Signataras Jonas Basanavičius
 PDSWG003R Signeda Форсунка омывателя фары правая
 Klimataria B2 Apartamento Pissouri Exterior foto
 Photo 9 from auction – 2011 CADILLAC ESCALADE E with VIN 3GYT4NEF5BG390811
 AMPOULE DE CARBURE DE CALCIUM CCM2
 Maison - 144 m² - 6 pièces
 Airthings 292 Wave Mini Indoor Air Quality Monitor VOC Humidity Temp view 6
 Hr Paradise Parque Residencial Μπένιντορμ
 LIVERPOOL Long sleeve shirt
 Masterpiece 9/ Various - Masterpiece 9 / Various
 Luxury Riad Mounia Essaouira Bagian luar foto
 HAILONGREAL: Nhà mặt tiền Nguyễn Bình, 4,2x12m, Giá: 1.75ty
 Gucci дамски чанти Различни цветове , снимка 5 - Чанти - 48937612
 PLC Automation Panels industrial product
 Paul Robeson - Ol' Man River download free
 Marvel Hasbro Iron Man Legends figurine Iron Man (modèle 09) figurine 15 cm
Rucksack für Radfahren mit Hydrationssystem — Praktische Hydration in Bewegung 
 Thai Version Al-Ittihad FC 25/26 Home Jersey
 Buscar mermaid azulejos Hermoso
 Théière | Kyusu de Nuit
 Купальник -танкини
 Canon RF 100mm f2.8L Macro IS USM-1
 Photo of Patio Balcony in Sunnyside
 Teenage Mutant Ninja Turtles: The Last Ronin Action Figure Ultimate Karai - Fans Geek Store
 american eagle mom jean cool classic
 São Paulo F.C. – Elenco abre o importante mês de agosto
+===+
→ Work instruction
Search the data for "Photo". Copy every line that has it.

→ Written solution
 Photo 9 from auction – 2011 CADILLAC ESCALADE E with VIN 3GYT4NEF5BG390811
 Photo of Patio Balcony in Sunnyside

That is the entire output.